La prospérité des pays développés est de plus en plus fondée sur le crédit. La crise financière qui ébranle les États-Unis démontre que l'édifice, aussi éblouissante soit son architecture, a été construit depuis quelques années sur des bases trop fragiles.

Les titres du secteur financier américain ont enregistré hier leur baisse la plus brutale en huit ans. La semaine dernière, le prêteur hypothécaire IndyMac a été saisi par le gouvernement, étant incapable d'assurer ses obligations. Les rumeurs les plus folles ont ensuite couru sur deux des plus importantes institutions financières des États-Unis, Fannie Mae et Freddie Mac, dont le rôle est d'acheter les prêts hypothécaires et de les revendre sur le marché, ce qui permet aux banques de consentir davantage de prêts.

Les deux maisons détiennent ou garantissent la moitié des prêts hypothécaires chez nos voisins du sud, pour une somme gigantesque de 12 000 milliards. Si les deux FM faisaient faillite, c'est non seulement tout le marché hypothécaire américain qui s'effondrerait mais tout le système financier mondial qui serait ébranlé. C'est pourquoi Washington a fait savoir en fin de semaine qu'elle soutiendra Fannie Mae et Freddie Mac. Malgré cela, leurs actions ont poursuivi leur déclin hier.

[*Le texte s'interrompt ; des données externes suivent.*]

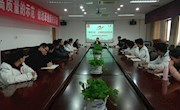 学院团委组织“暖冬行动”志愿服务启动仪式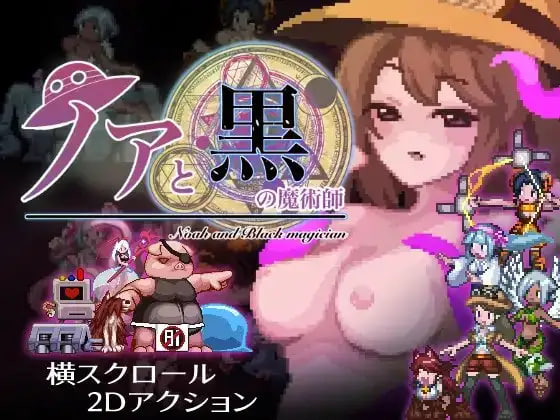 [ACT日文PC]诺亚与黑色魔术师  ノアと黒の魔術師v1.12  [FM/BD 300M]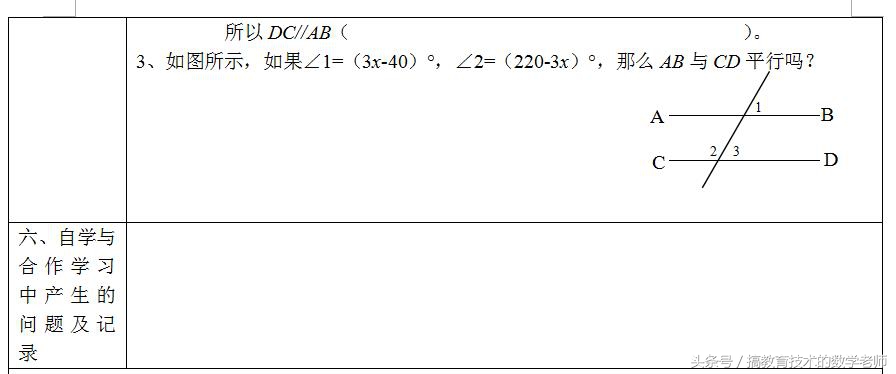七年级下数学1.3平行线的判定,共2课时学案+课时训练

Les marchés financiers sont tellement inquiets que chaque rumeur a un impact immédiat. À tel point que la Securities and Exchange Commission a annoncé la tenue d'une enquête sur ce qu'elle croit être la diffusion de fausses informations par des investisseurs peu scrupuleux.

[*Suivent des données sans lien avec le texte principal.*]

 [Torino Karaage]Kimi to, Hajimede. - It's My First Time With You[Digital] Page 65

Le point de départ de tout cela, on le sait, c'est que ces institutions financières ont consenti des milliards de prêts hypothécaires à des gens dont les finances personnelles étaient beaucoup trop fragiles. Cela a mené à la crise des «subprimes», qui a ébranlé la confiance des prêteurs et des investisseurs. La nervosité est si grande qu'elle menace maintenant des établissements qui, dans les faits, sont parfaitement sains.

Il serait trop facile de faire porter la responsabilité de la crise aux seuls prêteurs. Leur comportement est l'aboutissement inévitable d'un système dont l'objectif est d'accroître sans cesse les possibilités d'emprunt. Le but est noble : permettre au plus grand nombre d'Américains de devenir propriétaires. Mais l'affaire est aussi immensément profitable pour les acteurs de cette immense industrie. Et n'oublions pas la témérité des emprunteurs eux-mêmes, victimes consentantes du «achetez maintenant, payez plus tard» qui est devenu la devise de nos sociétés.

Le marché hypothécaire canadien n'a pas encore souffert de cette crise. Ce n'est pas que la philosophie soit différente. Chez nous aussi on a beaucoup moussé l'emprunt hypothécaire, notamment par le biais de la SCHL, qui joue ici le rôle attribué par Washington à Fannie Mae et Freddie Mac. Les prêteurs ont fini par succomber aux stratégies agressives de leurs homologues américains. Heureusement, Ottawa vient de réagir en imposant des règles (un peu) plus contraignantes aux prêts garantis par l'État.

Il reste qu'au Canada comme aux États-Unis, l'hyperendettement va de pair avec l'hyperconsommation. Un jour ou l'autre, la bulle éclatera.